(Short web captions)
++++
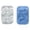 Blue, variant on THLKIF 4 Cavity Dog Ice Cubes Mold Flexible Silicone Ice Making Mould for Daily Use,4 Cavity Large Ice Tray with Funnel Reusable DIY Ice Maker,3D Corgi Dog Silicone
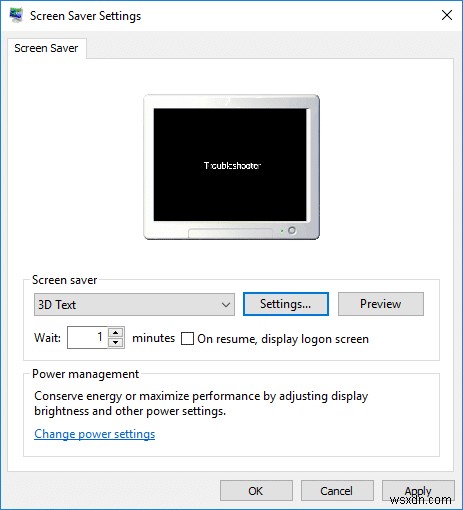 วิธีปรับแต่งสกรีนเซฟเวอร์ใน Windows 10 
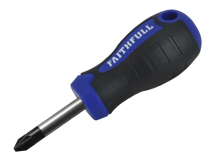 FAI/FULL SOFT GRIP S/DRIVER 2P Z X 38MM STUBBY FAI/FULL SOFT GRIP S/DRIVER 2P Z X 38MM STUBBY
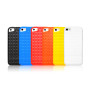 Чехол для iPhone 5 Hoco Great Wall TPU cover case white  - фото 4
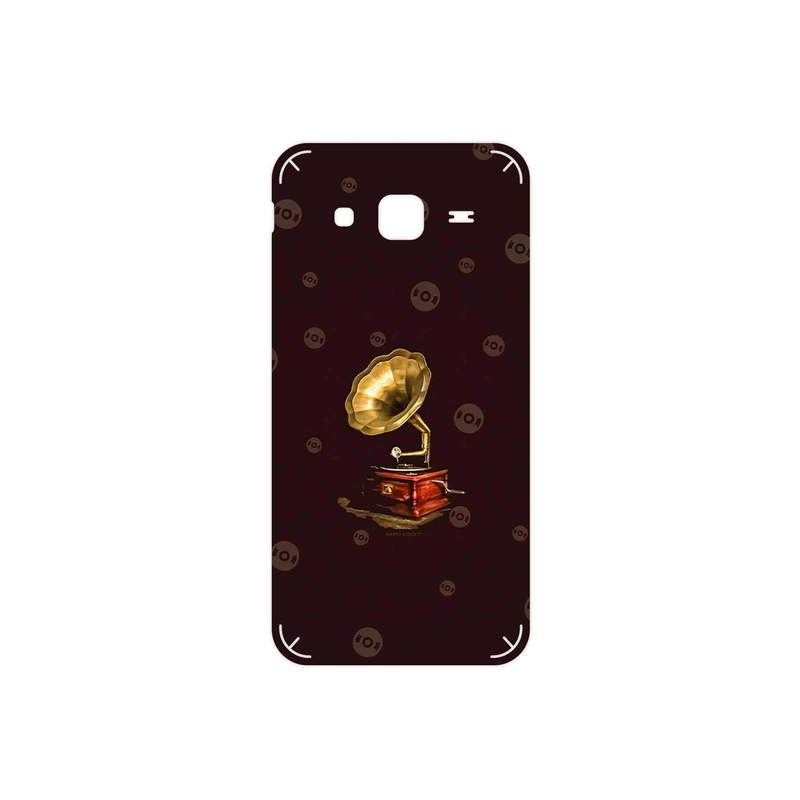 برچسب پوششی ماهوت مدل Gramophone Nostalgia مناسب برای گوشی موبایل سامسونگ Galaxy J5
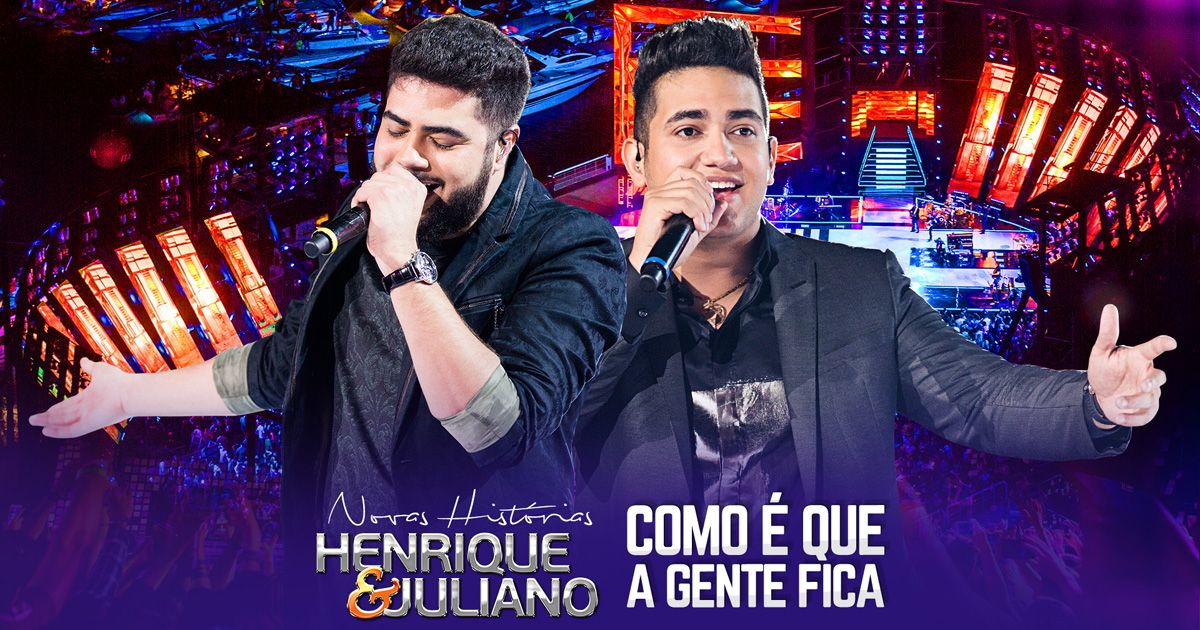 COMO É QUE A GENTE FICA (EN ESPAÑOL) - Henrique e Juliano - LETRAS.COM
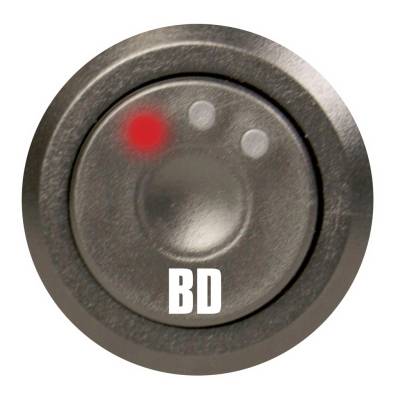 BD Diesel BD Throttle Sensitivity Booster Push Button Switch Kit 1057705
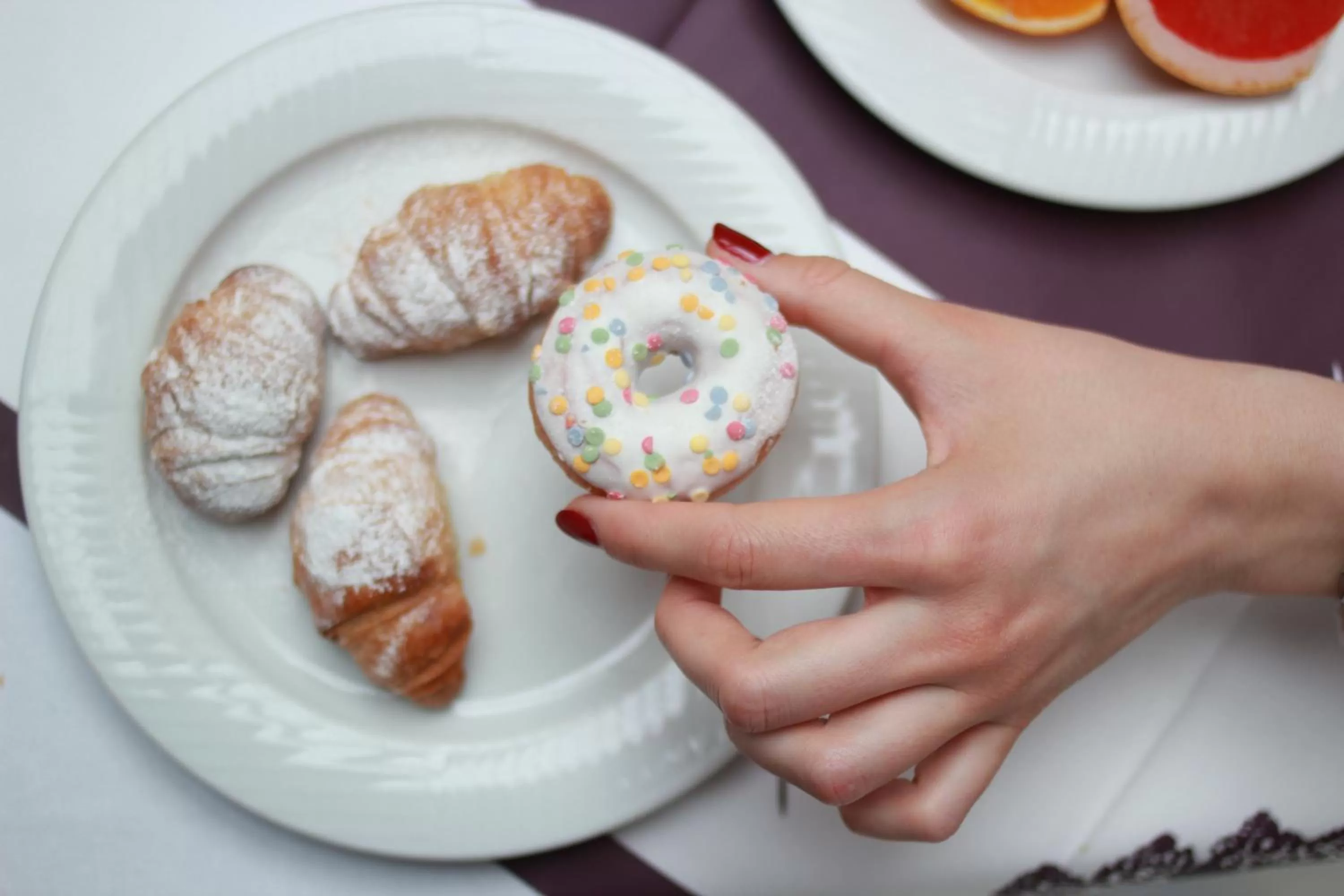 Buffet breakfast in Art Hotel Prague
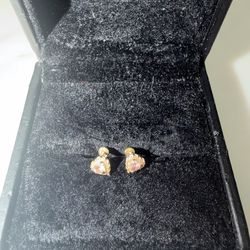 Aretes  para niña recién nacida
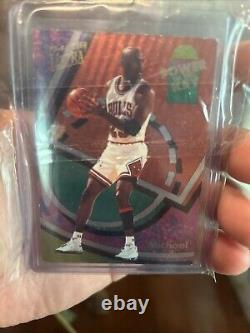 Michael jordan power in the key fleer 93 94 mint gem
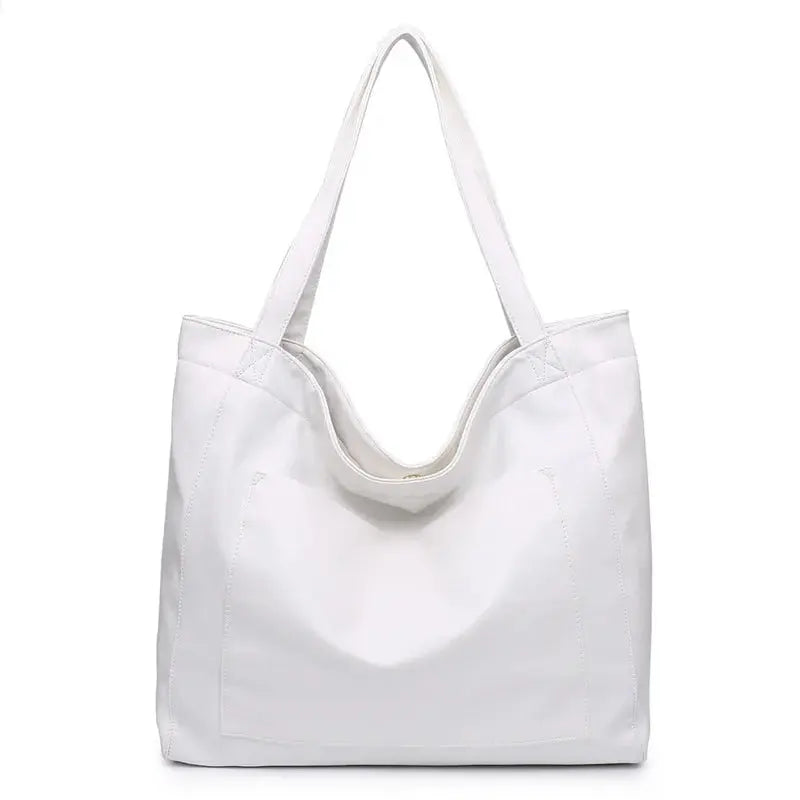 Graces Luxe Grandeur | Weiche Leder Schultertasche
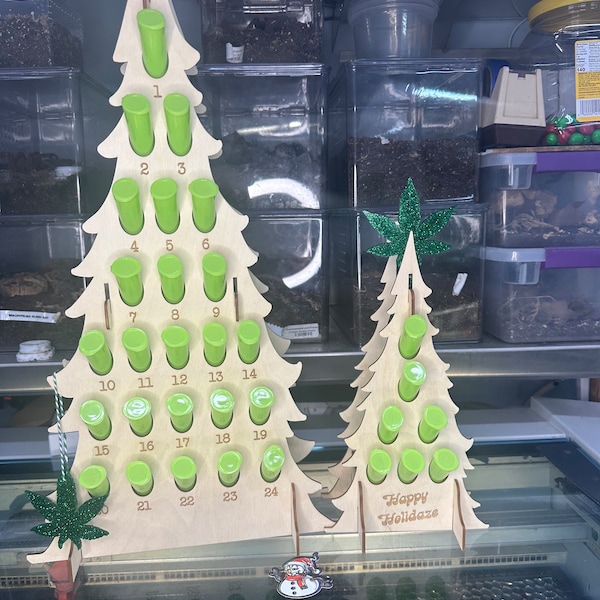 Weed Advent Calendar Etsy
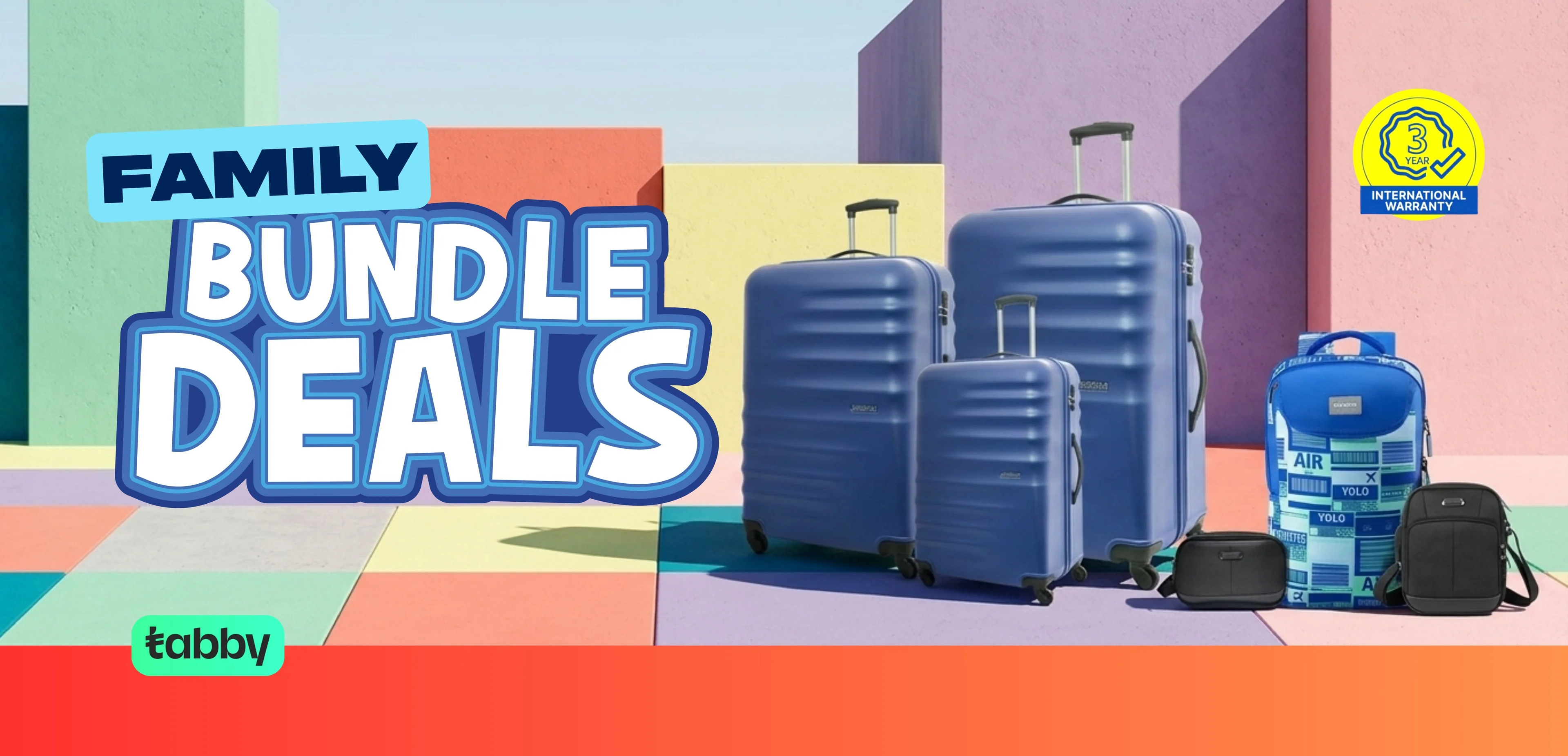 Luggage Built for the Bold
++++
Work instructions
Return word for word the lines from the beginning of the entries through the line that contains "Graces Luxe Grandeur", both ends included, but no pictures.

Answer
 Blue, variant on THLKIF 4 Cavity Dog Ice Cubes Mold Flexible Silicone Ice Making Mould for Daily Use,4 Cavity Large Ice Tray with Funnel Reusable DIY Ice Maker,3D Corgi Dog Silicone
 วิธีปรับแต่งสกรีนเซฟเวอร์ใน Windows 10 
 FAI/FULL SOFT GRIP S/DRIVER 2P Z X 38MM STUBBY FAI/FULL SOFT GRIP S/DRIVER 2P Z X 38MM STUBBY
 Чехол для iPhone 5 Hoco Great Wall TPU cover case white  - фото 4
 برچسب پوششی ماهوت مدل Gramophone Nostalgia مناسب برای گوشی موبایل سامسونگ Galaxy J5
 COMO É QUE A GENTE FICA (EN ESPAÑOL) - Henrique e Juliano - LETRAS.COM
 BD Diesel BD Throttle Sensitivity Booster Push Button Switch Kit 1057705
 Buffet breakfast in Art Hotel Prague
 Aretes  para niña recién nacida
 Michael jordan power in the key fleer 93 94 mint gem
 Graces Luxe Grandeur | Weiche Leder Schultertasche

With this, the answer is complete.